In my view that submission should be rejected. Once it is accepted - as, for the reasons given by the trial Judge, in my view it must be - that s 722 operates extraterritorially so as to impose obligations on foreign corporations, even where performance of the obligations would result in breach of local law, it is, as his Honour says, but a short step to conclude that a notice may be given under s 719 to a foreign corporation in the same way as it can be given to a local corporation, even though the giving of it may infringe the law of the place where the notice is received. Indeed it is not easy to see by what precise process of construction a different result could be reached: particularly, a result which differentiated between the giving of notices in jurisdictions which permitted that to be done in the way contemplated by s 719 and the giving of them in jurisdictions which did not. Once again, it is a matter of construing the provisions in the light of s 110D (which, unless a contrary intention appears, gives them application to all bodies corporate, whether formed or carrying on business in Australia or not) and s 109H (which requires the Court to prefer a construction that would promote the purpose or object underlying the provisions to one that would not). The purpose of the provisions is the maintenance of an informed market; plainly the legislature thought it necessary, for the promotion of that object, to provide for a very quick mechanism for giving notices and responding to them. In my opinion the Judge was right in holding that s 719 authorises the giving of a notice even where to do so may infringe the law of a foreign country.

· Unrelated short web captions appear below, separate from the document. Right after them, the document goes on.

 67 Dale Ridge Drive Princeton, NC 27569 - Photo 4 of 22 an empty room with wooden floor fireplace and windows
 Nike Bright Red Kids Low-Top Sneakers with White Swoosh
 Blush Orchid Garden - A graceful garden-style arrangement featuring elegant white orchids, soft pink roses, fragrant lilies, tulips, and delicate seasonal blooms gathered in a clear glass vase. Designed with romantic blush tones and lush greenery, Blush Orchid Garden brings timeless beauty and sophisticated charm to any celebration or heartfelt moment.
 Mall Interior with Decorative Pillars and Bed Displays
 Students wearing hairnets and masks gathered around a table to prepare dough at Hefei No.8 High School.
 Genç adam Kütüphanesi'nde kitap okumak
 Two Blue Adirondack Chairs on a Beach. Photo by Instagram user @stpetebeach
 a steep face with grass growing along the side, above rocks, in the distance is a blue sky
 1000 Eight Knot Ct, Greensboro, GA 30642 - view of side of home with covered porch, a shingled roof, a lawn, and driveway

6. Should his Honour have held that there was a real and appreciable risk that EBC, if it complied with the secondary notice, would breach article 271 of the Swiss Penal Code?
This is a somewhat narrow point, involving a finding, on expert evidence, as to Swiss law. A conclusion favourable to EBC would have no practical consequences, given the conclusions I have already reached, unless it led in turn to a conclusion favourable to EBC on the next and final issue, which, as senior counsel for EBC frankly told us, he approached "with some misgiving or concern".
Be that as it may, the issue is whether it should be held that there is a real and appreciable risk that EBC and its officers or agents would contravene article 271 as aiders and abettors if EBC complied with the secondary notice. The only one of the three experts who dealt with this matter explicitly, as it relates to the secondary notices, was Dr Peter Nobel, who gave evidence for EBC and whose qualifications, as the Judge said, are impressive. Dr Nobel swore two affidavits, dated 28 July 1995 and 15 November 1995 respectively. In his first affidavit, Dr Nobel expressed the view that the employees or agents of the Commission who were involved in sending the secondary notice to EBC by mail (sic) or facsimile breached article 271. He added that the Swiss Federal Court had held that the term "aiding and abetting" "denotes any action, assistance or preparation which facilitates the punishable activity and is therefore to be punished as a completed offence"; here, Dr Nobel said, the "punishable activity" was the sending of the notices; accordingly it was his opinion "that officers, employees and agents of EBC who provide
information to the [Commission] in answer to the Notices could be held in breach of article 271 of the Swiss Penal Code, as aiders and abettors".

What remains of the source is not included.